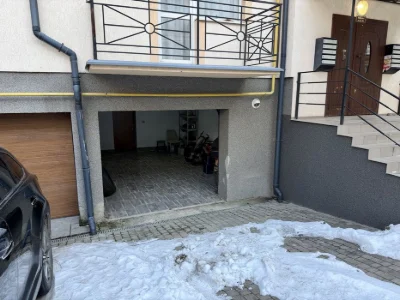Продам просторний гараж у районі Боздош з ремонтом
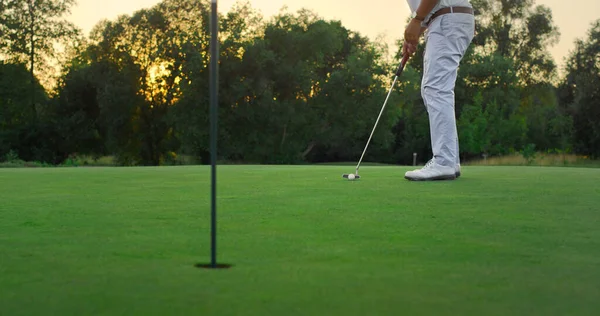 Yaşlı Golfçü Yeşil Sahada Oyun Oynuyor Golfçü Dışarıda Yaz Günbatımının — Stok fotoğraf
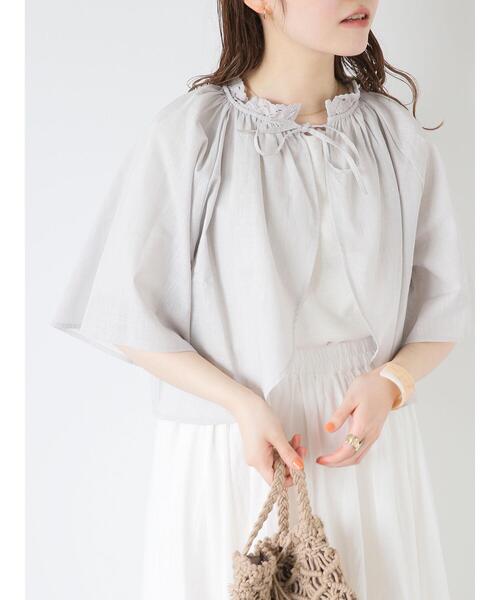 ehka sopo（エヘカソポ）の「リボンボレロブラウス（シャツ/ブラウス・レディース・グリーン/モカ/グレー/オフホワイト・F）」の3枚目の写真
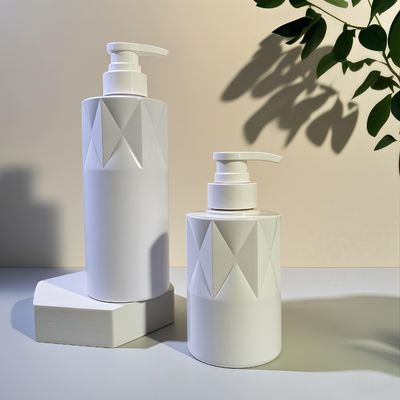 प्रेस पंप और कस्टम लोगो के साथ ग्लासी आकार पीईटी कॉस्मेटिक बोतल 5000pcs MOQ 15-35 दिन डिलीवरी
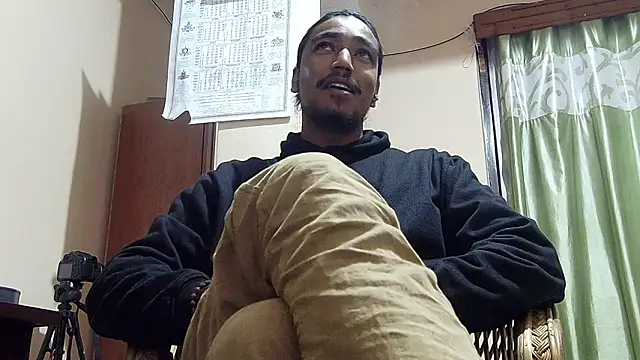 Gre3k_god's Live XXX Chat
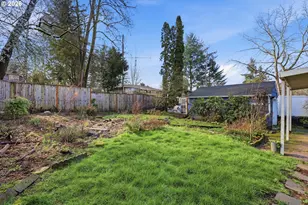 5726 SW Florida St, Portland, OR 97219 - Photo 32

### PROBLEM DESCRIPTION
Except for the pictures, the whole listing above should be transcribed exactly.

### RESULT OF THIS TASK
Продам просторний гараж у районі Боздош з ремонтом
 Yaşlı Golfçü Yeşil Sahada Oyun Oynuyor Golfçü Dışarıda Yaz Günbatımının — Stok fotoğraf
 ehka sopo（エヘカソポ）の「リボンボレロブラウス（シャツ/ブラウス・レディース・グリーン/モカ/グレー/オフホワイト・F）」の3枚目の写真
 प्रेस पंप और कस्टम लोगो के साथ ग्लासी आकार पीईटी कॉस्मेटिक बोतल 5000pcs MOQ 15-35 दिन डिलीवरी
 Gre3k_god's Live XXX Chat
 5726 SW Florida St, Portland, OR 97219 - Photo 32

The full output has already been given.